Mais non, décapiter puisque c'est l'horrible mode du moment.
Le CNRTL me dit : Trancher la tête d'un condamné à mort. On usait aussi du terme décollation. Couper le cap, tailler le col… je préfère nettement, foin d'ellipse, la version de Monsieur Badinter qui, grâce à sa pugnacité et son verbe a fait cesser cette barbarie institutionnelle de "couper un homme en deux".
Un gros orage, phénomène naturel, arrive parfois s'il est tant colère à décapiter un arbre.
Au sens figuré, décapiter une institution ne fait pas bien mal et parfois du bien ! Son organisation criminelle fut décapitée lorsque cet andouille d'Al Capone se fit choper uniquement parce qu'il avait oublié de payer ses impôts, ridicule le capo Capone !
Monsieur Rey, récemment disparu sans faire de bruit, explique que le mot vient simplement du bas latin decapitare : enlever la tête de.
 
Pour l'heure et malgré l'âge qui s'avance, je n'ai encore décapité que quelques plantes un peu envahissantes, deux-trois fleurs le long d'un chemin en marchant dans la cambrousse ; je suis dans l'incapacité totale malgré mes quelques dons d'imagination de songer à ce que cela peut procurer comme sensation de couper une personne en deux, de la décapiter.
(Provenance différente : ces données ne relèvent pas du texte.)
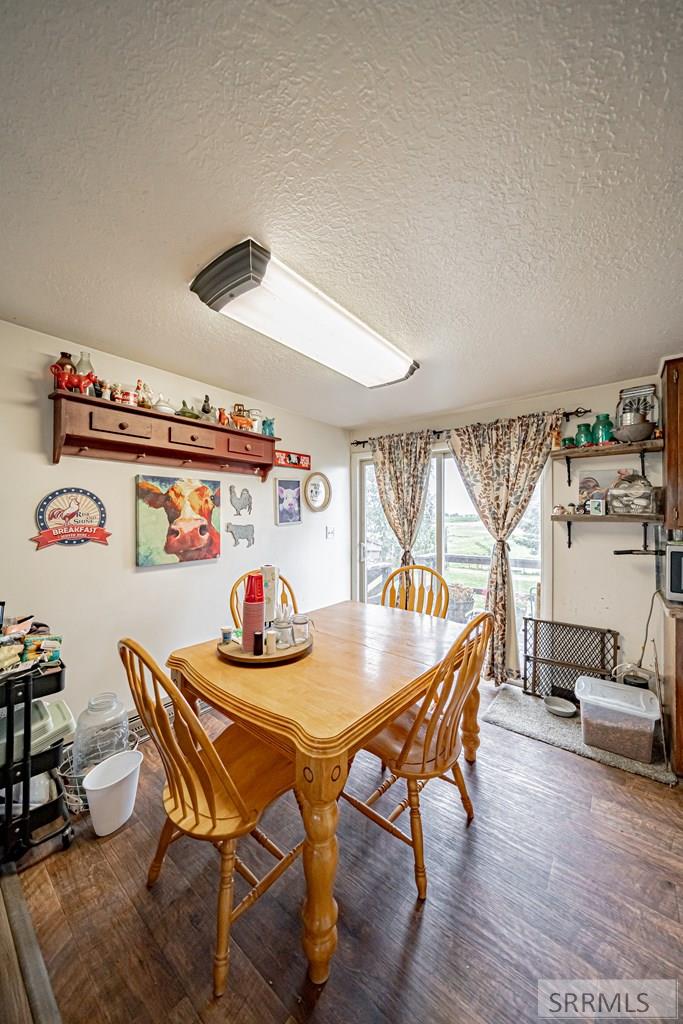 13777 N 55 E Property Photo 12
C'est indicible une horreur pareille.
Et pourtant… quelque décervelé, abruti, crétin, fanatique est capable de prendre un couteau, un grand, s'avancer tranquillement vers un inconnu et lui appliquer le fer si puissamment qu'il le coupe en deux. C'est sidérant.
 
Après les massacres de masse de 2015 et 2016, il est sans doute devenu un peu difficile d'organiser une bande de bras cassés munis d'armes de guerre pour dézinguer à tout va histoire de foutre la trouille au monde.
S'attirer les bonnes grâces d'un benêt, lui bourrer le mou tant et si bien qu'il va aller découper de l'humain en deux est plus facile d'autant que l'arme de la tuerie, un simple couteau de cuisine, est à la portée de n'importe qui.
Après tout, les pilotes des avions qui ont percuté les tours jumelles à New York ont été circonscrits par des tarés à cutter, de modestes cutters et de monstrueux tarés. Les vieilles méthodes reviennent au goût du jour pour l'enturbanné barbu de base, celui qui tire les ficelles de son pantin égorgeur.
 
A Nice, une ville que je connais fort bien, monsieur le maire s'apitoie, s'émotionne et s'indigne après le carnage à la basilique de l'Assomption. Il se gargarise au passage de l'utilité de ses caméras de surveillance.
Que n'ont-elles servies lorsqu'en 2016 un camion circulait tranquillement sur la promenade des Anglais (absolue interdiction des camions et fourgons tôlés sur cette voie depuis plus de trente ans) histoire de repérer comment s'y prendre pour faire quatre vingt six victimes d'un coup.
Des tas de grosses légumes nationales sont venues verser la larme et le bouquet : des "plus jamais ça" et des "on va sévir" des "on va voir c'qu'on va voir" à n'en plus finir.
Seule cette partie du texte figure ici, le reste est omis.